- [PROMPT] Copy the material below verbatim from the line with "So: 1 minus" to the line with "And now this", both lines included, omitting pictures and every line outside that range.

- [SUPPLIED RECORDS]
-.-.-

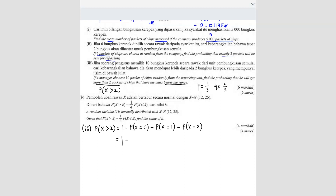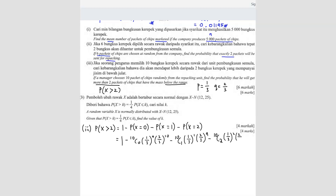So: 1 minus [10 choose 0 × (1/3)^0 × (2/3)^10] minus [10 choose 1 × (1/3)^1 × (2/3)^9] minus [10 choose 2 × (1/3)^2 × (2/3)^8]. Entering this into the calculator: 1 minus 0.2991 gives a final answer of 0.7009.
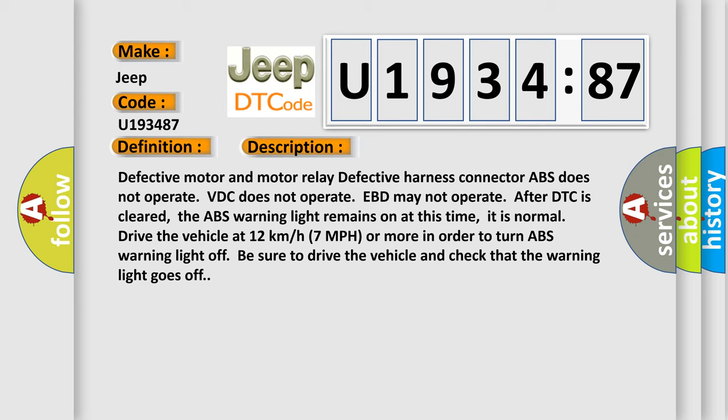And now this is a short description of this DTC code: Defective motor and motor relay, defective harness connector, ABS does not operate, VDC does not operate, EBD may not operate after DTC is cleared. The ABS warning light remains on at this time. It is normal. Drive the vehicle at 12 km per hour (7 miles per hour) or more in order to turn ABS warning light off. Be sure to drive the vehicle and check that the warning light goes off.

-.-.-

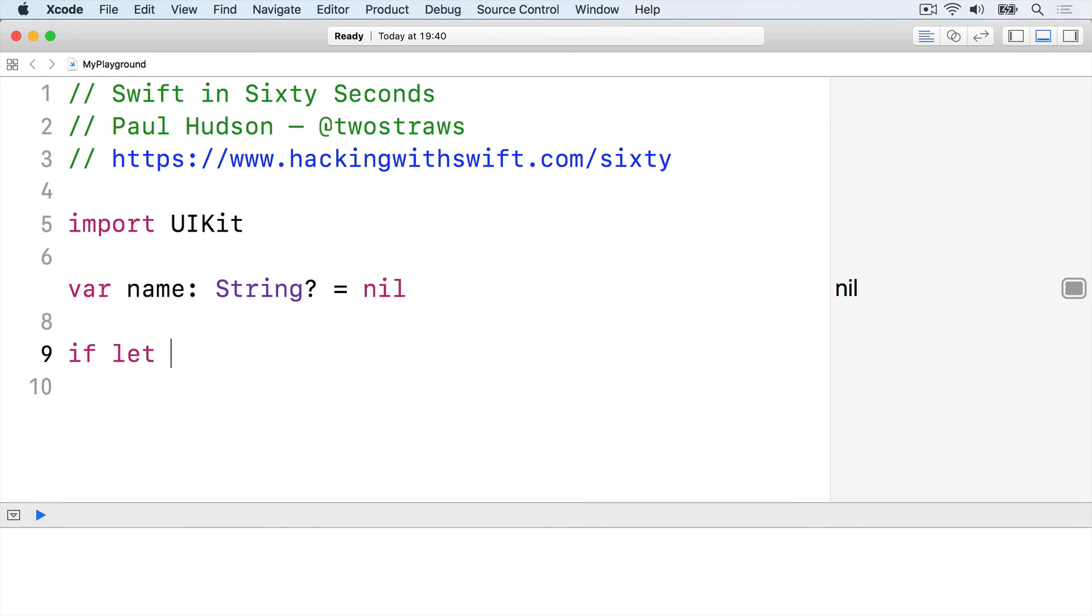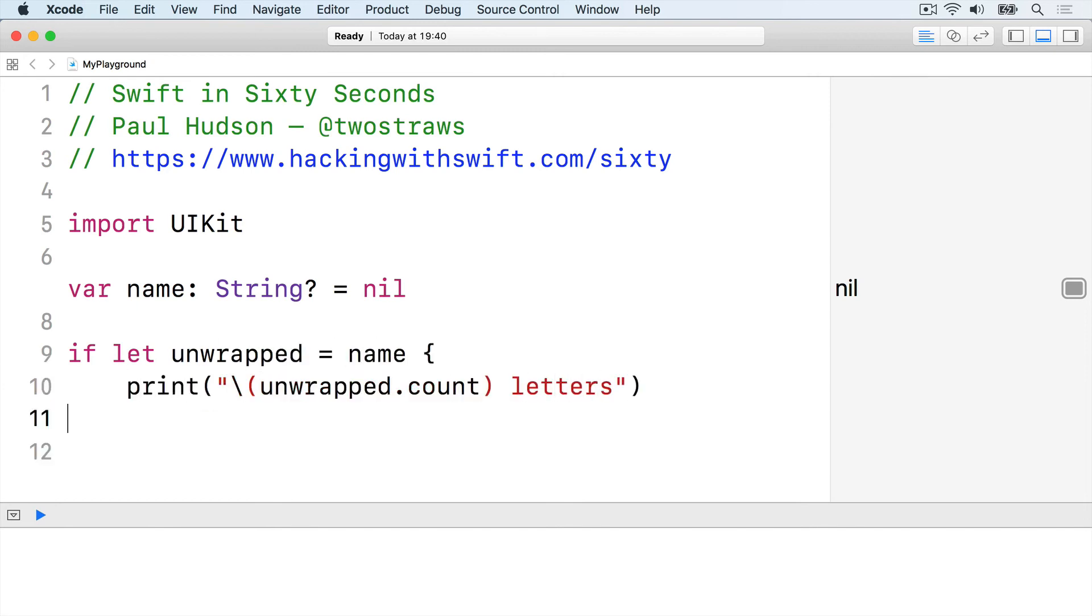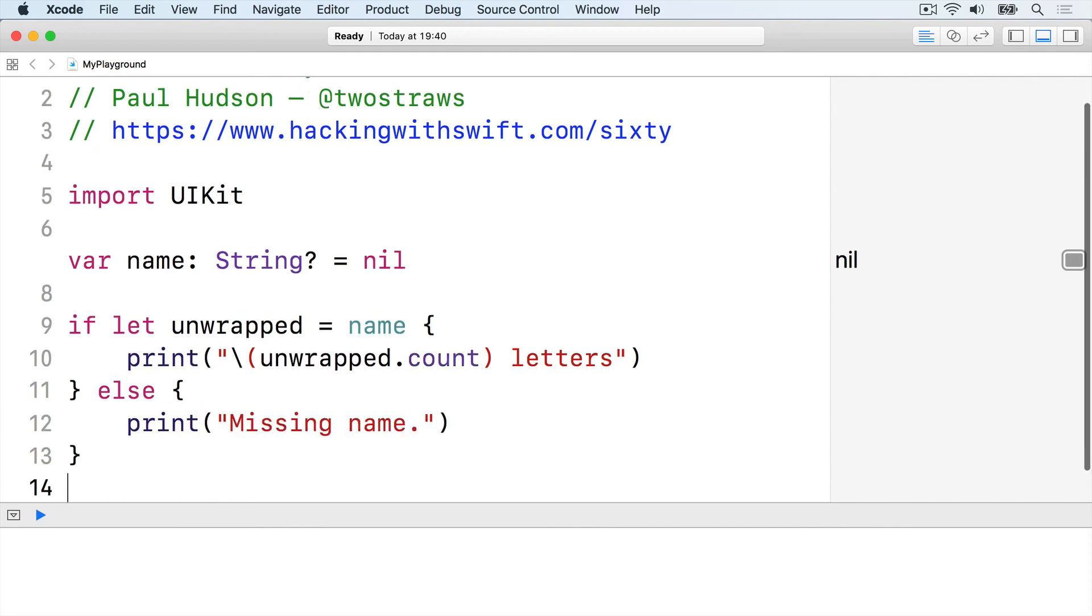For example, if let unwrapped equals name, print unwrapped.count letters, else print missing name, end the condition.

-.-.-

- [RESPONSE AREA]
So: 1 minus [10 choose 0 × (1/3)^0 × (2/3)^10] minus [10 choose 1 × (1/3)^1 × (2/3)^9] minus [10 choose 2 × (1/3)^2 × (2/3)^8]. Entering this into the calculator: 1 minus 0.2991 gives a final answer of 0.7009.
And now this is a short description of this DTC code: Defective motor and motor relay, defective harness connector, ABS does not operate, VDC does not operate, EBD may not operate after DTC is cleared. The ABS warning light remains on at this time. It is normal. Drive the vehicle at 12 km per hour (7 miles per hour) or more in order to turn ABS warning light off. Be sure to drive the vehicle and check that the warning light goes off.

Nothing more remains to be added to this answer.